[Records drawn from a dataset]
━━━

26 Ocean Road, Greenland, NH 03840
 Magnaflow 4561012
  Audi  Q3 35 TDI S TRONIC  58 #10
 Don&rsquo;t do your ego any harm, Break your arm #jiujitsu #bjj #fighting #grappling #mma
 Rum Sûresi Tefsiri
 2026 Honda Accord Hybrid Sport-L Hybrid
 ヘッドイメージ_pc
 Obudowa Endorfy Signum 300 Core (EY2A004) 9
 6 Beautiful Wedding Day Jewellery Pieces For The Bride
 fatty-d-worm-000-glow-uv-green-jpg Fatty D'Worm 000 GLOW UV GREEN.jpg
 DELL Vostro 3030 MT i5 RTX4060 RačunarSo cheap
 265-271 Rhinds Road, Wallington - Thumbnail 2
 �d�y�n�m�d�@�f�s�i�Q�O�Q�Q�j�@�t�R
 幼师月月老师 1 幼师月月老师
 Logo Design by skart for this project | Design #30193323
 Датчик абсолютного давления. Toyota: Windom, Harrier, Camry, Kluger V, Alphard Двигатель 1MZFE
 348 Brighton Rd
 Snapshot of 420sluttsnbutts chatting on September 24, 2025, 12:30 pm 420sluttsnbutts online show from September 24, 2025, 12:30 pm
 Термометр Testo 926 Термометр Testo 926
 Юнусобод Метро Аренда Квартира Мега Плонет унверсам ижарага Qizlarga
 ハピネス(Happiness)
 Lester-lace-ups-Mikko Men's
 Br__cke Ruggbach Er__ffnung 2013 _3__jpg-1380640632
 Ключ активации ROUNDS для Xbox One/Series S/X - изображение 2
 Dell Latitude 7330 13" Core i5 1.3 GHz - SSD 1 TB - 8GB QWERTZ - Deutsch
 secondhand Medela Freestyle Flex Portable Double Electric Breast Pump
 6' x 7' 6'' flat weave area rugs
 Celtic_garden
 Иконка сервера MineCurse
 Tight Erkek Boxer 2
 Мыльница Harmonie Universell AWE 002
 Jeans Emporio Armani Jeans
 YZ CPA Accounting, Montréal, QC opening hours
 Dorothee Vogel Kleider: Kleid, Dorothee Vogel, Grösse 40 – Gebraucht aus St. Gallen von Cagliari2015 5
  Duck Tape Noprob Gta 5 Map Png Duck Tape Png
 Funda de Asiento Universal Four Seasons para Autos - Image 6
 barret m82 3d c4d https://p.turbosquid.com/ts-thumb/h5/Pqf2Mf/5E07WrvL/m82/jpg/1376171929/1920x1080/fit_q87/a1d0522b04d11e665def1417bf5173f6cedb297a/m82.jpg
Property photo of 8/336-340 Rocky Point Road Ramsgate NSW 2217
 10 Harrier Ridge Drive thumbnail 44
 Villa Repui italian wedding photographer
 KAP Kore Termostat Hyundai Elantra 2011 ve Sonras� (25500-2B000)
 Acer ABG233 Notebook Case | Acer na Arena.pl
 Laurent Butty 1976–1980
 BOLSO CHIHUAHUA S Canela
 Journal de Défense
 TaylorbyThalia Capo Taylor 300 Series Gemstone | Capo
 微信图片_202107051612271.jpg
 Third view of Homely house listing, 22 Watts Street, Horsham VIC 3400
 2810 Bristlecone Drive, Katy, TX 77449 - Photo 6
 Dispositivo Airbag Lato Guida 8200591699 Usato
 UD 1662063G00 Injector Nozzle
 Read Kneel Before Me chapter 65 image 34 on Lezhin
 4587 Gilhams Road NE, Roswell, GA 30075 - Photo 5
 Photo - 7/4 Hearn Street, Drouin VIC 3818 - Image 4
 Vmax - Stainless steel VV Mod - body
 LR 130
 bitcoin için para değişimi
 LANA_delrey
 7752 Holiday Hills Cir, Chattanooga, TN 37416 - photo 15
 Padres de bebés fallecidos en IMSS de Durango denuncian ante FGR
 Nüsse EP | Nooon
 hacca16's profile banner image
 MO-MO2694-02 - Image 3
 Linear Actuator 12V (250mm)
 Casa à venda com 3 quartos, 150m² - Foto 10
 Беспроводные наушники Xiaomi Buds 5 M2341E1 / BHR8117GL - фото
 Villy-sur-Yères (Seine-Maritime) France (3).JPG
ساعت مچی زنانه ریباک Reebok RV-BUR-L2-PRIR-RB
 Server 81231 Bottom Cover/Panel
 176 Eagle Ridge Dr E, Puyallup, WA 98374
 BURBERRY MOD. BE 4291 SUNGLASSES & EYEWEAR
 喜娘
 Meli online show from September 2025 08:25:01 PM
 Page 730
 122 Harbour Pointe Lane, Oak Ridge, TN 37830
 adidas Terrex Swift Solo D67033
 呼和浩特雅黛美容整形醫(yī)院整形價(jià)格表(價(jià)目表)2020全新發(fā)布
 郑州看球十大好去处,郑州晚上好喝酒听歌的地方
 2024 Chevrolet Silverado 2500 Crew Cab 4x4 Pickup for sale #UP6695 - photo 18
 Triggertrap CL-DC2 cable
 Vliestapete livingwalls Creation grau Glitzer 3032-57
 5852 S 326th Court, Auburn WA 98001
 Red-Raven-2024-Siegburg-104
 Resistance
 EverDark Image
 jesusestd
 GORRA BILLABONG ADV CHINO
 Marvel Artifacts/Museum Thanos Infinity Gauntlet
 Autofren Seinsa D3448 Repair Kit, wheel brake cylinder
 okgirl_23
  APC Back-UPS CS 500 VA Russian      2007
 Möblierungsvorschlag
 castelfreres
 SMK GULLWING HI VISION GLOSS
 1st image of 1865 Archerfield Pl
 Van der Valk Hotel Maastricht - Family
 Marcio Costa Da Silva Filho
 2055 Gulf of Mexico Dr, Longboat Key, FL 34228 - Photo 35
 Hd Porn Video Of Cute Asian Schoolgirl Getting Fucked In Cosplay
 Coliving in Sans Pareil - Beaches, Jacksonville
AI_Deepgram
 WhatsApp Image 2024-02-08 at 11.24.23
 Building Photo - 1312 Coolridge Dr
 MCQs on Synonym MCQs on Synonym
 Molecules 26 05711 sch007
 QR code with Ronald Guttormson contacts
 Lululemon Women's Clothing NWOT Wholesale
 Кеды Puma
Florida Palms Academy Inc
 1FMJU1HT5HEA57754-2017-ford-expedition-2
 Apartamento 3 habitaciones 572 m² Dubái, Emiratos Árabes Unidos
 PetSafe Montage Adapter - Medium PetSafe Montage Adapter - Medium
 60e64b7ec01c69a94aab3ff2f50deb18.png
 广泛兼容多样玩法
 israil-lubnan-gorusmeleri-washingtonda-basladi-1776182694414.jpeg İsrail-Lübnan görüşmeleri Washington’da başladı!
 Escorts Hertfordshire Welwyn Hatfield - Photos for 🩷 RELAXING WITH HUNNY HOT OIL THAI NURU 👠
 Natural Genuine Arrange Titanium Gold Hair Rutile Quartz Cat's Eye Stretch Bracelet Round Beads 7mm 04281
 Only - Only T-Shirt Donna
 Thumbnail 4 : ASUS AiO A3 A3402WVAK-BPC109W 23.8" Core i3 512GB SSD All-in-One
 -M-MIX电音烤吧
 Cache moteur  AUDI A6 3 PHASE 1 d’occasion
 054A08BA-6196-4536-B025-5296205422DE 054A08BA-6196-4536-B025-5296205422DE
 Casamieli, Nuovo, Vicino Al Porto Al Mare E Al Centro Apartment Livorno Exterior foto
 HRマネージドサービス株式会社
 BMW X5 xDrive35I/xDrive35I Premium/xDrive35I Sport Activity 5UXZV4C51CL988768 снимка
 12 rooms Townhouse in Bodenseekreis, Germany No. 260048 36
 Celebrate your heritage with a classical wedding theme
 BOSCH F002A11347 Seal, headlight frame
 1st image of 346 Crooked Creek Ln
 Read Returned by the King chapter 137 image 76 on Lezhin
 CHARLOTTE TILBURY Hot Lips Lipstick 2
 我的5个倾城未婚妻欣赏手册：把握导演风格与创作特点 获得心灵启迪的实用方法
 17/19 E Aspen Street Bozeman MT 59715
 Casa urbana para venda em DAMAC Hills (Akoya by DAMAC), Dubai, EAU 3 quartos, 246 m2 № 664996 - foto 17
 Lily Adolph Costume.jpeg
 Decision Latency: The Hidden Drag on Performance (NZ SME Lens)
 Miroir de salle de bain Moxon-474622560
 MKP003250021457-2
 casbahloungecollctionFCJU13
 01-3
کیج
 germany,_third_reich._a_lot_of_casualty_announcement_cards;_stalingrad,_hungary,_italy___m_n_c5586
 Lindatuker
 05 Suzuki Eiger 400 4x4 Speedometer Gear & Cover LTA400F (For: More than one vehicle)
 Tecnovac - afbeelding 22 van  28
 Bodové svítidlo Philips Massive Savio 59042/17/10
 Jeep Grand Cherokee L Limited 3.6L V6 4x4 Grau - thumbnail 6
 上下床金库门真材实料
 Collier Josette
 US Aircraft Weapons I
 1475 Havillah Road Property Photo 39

━━━

## Work task
The first line of the entries above marks where to begin; repeat each line exactly through the one that contains "Obudowa Endorfy Signum 300 Core (EY2A004) 9", and include that line.

## Expected answer
26 Ocean Road, Greenland, NH 03840
 Magnaflow 4561012
  Audi  Q3 35 TDI S TRONIC  58 #10
 Don&rsquo;t do your ego any harm, Break your arm #jiujitsu #bjj #fighting #grappling #mma
 Rum Sûresi Tefsiri
 2026 Honda Accord Hybrid Sport-L Hybrid
 ヘッドイメージ_pc
 Obudowa Endorfy Signum 300 Core (EY2A004) 9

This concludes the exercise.